## EXERCISE DESCRIPTION:
Lines from the one containing "Body PowerPoint Template" through the final line of the data, restated word for word and free of pictures, make up the whole answer.

## DATA PROVIDED:
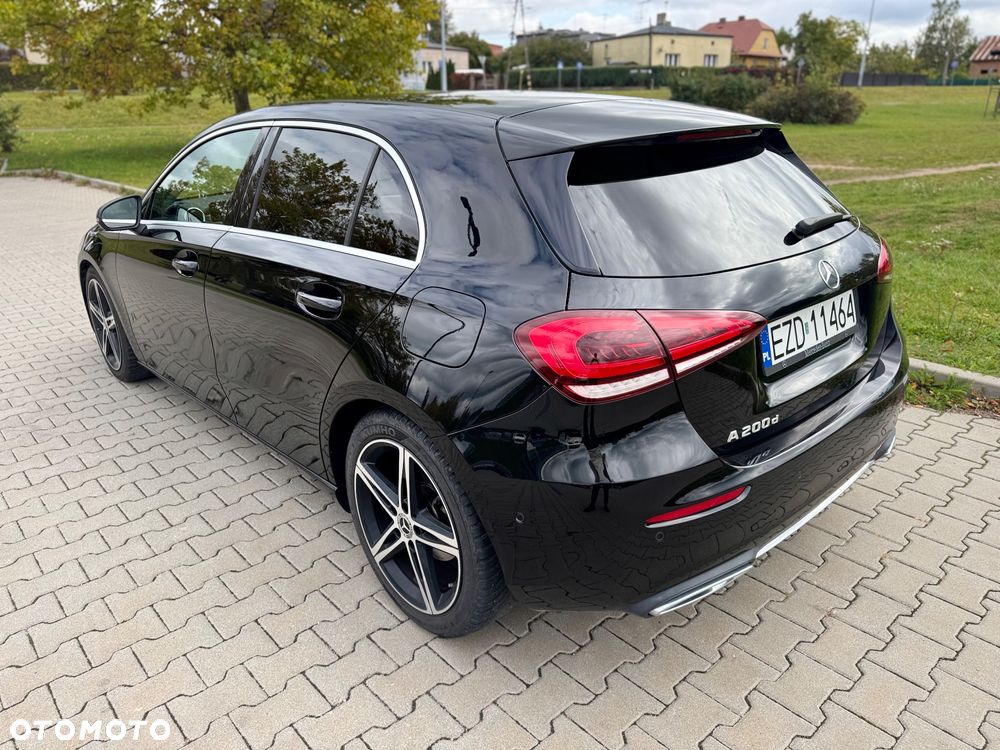 Mercedes-Benz Klasa A - 3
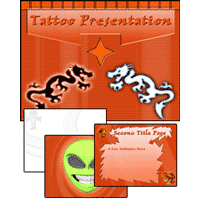 Body PowerPoint Template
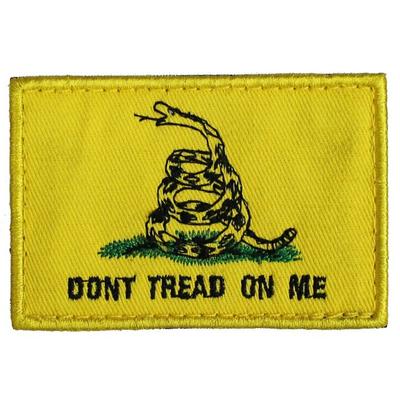 SME Dont Tread on Me Patch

## TASK RESPONSE:
 Body PowerPoint Template
 SME Dont Tread on Me Patch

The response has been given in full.